*** The records

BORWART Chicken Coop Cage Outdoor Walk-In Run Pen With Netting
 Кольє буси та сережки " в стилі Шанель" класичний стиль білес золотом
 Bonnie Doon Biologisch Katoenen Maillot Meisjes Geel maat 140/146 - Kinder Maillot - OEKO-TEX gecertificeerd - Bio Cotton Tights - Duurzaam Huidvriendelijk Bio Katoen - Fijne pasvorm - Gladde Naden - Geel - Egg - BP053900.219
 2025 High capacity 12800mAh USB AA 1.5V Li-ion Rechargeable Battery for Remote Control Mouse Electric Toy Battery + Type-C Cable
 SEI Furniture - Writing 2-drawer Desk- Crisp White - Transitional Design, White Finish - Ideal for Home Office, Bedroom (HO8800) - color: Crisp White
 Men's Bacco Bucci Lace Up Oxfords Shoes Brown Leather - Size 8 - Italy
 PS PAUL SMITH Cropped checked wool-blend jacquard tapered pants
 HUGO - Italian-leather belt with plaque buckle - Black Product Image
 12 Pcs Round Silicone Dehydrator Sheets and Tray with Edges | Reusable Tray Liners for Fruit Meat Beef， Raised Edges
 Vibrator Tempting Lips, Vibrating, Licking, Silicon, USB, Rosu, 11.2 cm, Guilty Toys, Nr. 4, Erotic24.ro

******

== Exercise ==
Exact reproduction is required: output the lines from the start of the entries above through the line with "Bonnie Doon Biologisch".

== Reply ==
BORWART Chicken Coop Cage Outdoor Walk-In Run Pen With Netting
 Кольє буси та сережки " в стилі Шанель" класичний стиль білес золотом
 Bonnie Doon Biologisch Katoenen Maillot Meisjes Geel maat 140/146 - Kinder Maillot - OEKO-TEX gecertificeerd - Bio Cotton Tights - Duurzaam Huidvriendelijk Bio Katoen - Fijne pasvorm - Gladde Naden - Geel - Egg - BP053900.219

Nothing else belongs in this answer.